Seattle’s concerns proved valid, as subsequent tests weeks later revealed a fracture and not a sprain for Adams.
Over the next several hours Seattle asked the Yankees to replace Adams. The Yankees offered touted righty Adam Warren. The Mariners said either Nova or Nunez must be the replacement, which was their initial position a week earlier. Cashman refused, stating the Yankees would not yield significantly more to get Lee for half a season than Philadelphia had given Cleveland to obtain Lee for a season and a half or Seattle had given Philadelphia to get Lee for a season.
Also, the Yankees came to believe Seattle had not shut down conversations with Texas. There are no written rules, but general protocol is that once a deal in principle is reached, then the trading teams go silent with other clubs.

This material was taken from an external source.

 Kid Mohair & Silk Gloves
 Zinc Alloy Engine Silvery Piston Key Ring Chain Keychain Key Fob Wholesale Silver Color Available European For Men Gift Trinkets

Yankee fans spent the day waiting for the trade to become official on the 9th, and it never did. Now, instead of pitching Game 2 of the ALCS for the Yankees, Lee will face them in Game 3 on Monday night in the Bronx. “So be it,” Cashman said. “If you want to be the best, you have to beat the best. We will find out in who has the best team. I have no regrets. I am comfortable with not [completing the trade]. In time we will learn if that was the right thing to do.”

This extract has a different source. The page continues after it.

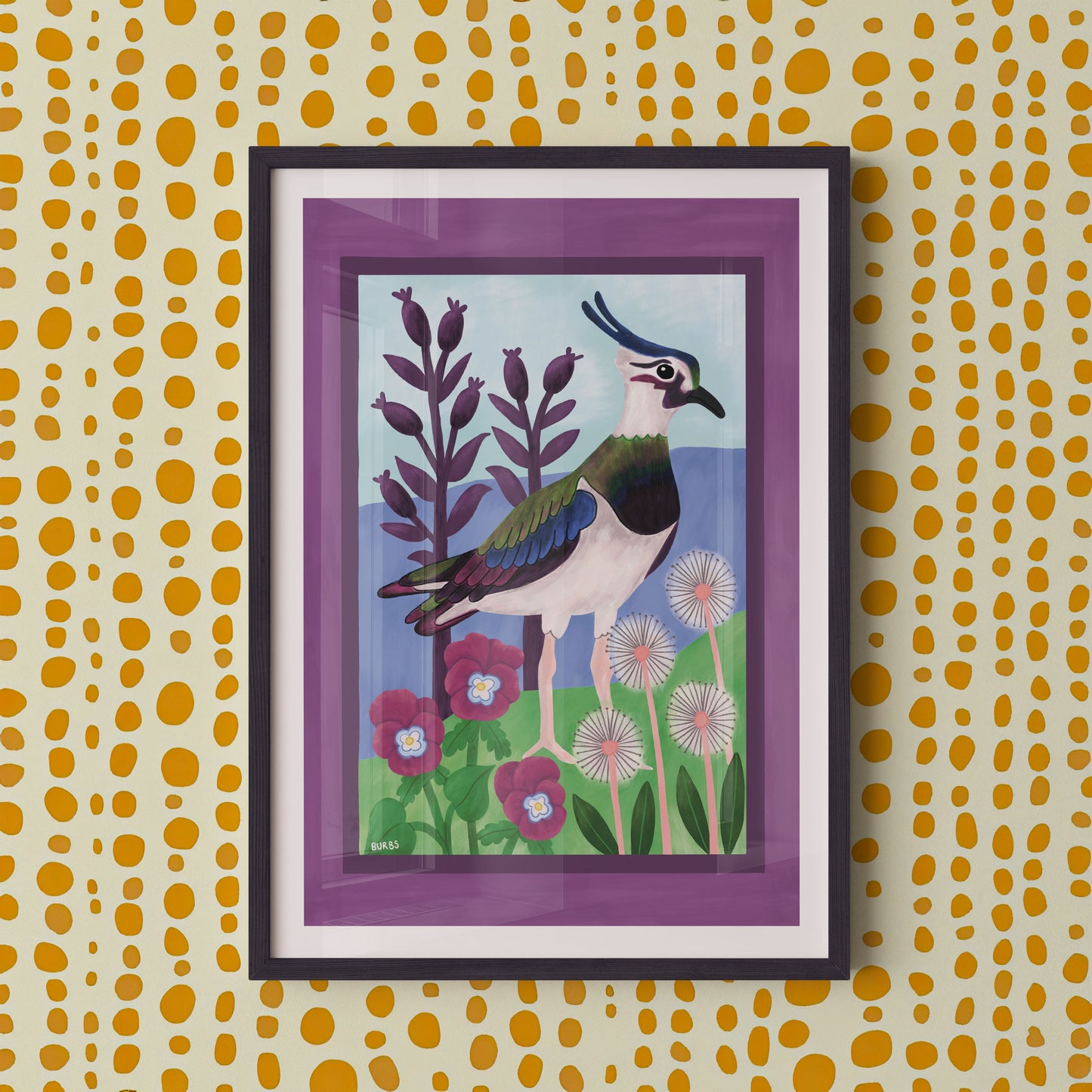 Lapwing Bird Art Print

In his 3UP post today, Sherman discussed Lee at length and compared it to the Johan Santana situation. A few years ago, we lobbied hard against a trade that would have sent Phil Hughes along with at least Ian Kennedy and one or two other pieces to the Twins for Johan Santana, but this time around, I was more comfortable with the Lee trade. I can’t speak for Joe or Mike here, but I worried about the Yanks’ blown opportunity. I worried about Lee’s future with another team, and I worried that Jesus Montero might just be a little bit overhyped. After all, even though the magazine ranked him the fourth-best International League prospect this year, Baseball America says his defense is highly suspect. If Montero is only a bat but not a catcher, his future value declines.
Of course, the Yankees have a plan, and they’re going to stick to it. Brian Cashman knows that, as Tyler Kepner noted, when it comes to free agency, the Yanks get their guy. They got Mike Mussina and Jason Giambi, Hideki Matsui and Johnny Damon, CC Sabathia and Mark Teixeira. To the Yankees, money isn’t an obstacle, and if the only thing that separates them from Cliff Lee is two weeks of the playoffs and a $110-million contract, so be it.
Still, even though Lee won’t take the mound for another four days, his presence looms over this ALCS. He is Texas’ savior, an ace they haven’t had in decades, if ever, and he’s the almost-was for the Yankees. Nearly a member of the team in July, Cliff Lee will once again try to stop the Yankees from winning a World Series for what hopefully will be the last time before he joins them.